Here's the deal with that. *Web Easy Pro 7* can be tricky because it has the codes built into it. So here are the steps to changing link colors. When your site is ready, you should always Export into html and this is where you can change those friggin link colors.
1. click "File"










2. click "Export into HTML..."










This will bring up the "Build Dynamic Web Site" window

3. Click "Standard Link Color"










You will then see a "color palette", Select the colors that you wish here.










4. Repeat for "Visited Link Color" this is the color someone will see once they have visited that link.

5. Repeat for "Active Link Color" this is the color of the link someone is currently visiting (the active link).

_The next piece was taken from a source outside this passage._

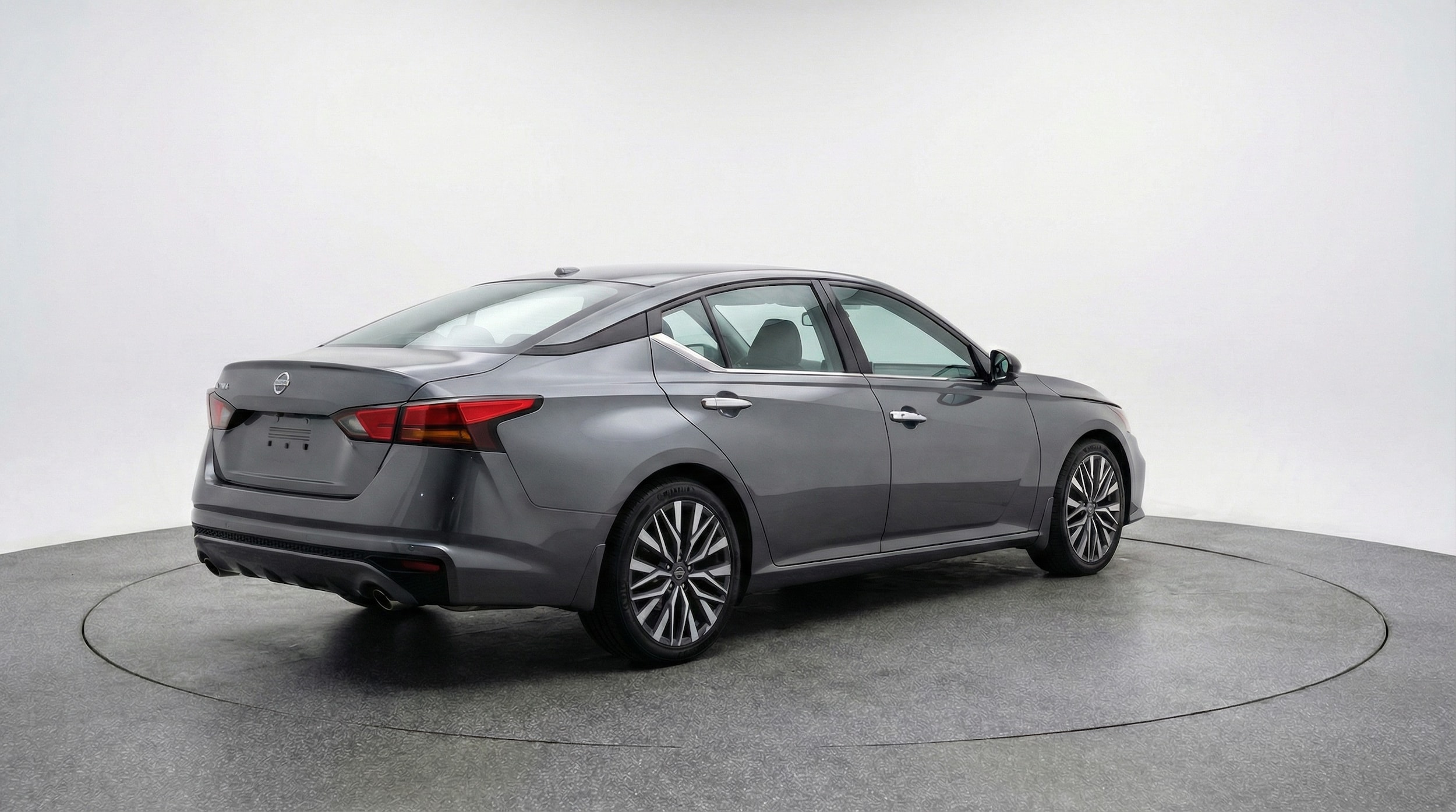 Thumbnail: 2025 Nissan Altima - 7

6. Click the "OK" button and your page should be exported into HTML and ready for preview. 










Okay Homie.."Be Cool"


----------



## batmanm (May 27, 2009)

hi guys

im using web pro 7.

ive downloaded vista buttons v.3.91. if i save the file in html and i get the code how do i put it in web easy script editor?:sigh:


----------



## batmanm (May 27, 2009)

hi guys

im using web pro 7.

ive downloaded vista buttons v.3.91. if i save the file in html and i get the code in microsoft front page how do i put it in web easy script editor?:sigh:


----------



## totallyignorant (Jan 5, 2010)

Hi, I don't even know if I am asking this question so people will be able to see it. 
I hope so.My sister designed our business webpage with web easy7 pro and it only comes up on the left side of the page on some computers is there and easy way to center the page? I would appreciate any help as this has been like this for a year and I am going to kill someone if I cant get it fixed.
Thank you for keeping my violence in check!
Totally ignorant


----------



## gore.m (Jun 13, 2010)

Hello,

Is it possible have different url link color for every link (based on original text color)? Or is it possible have only one color scheme for all links? 

thanks you


----------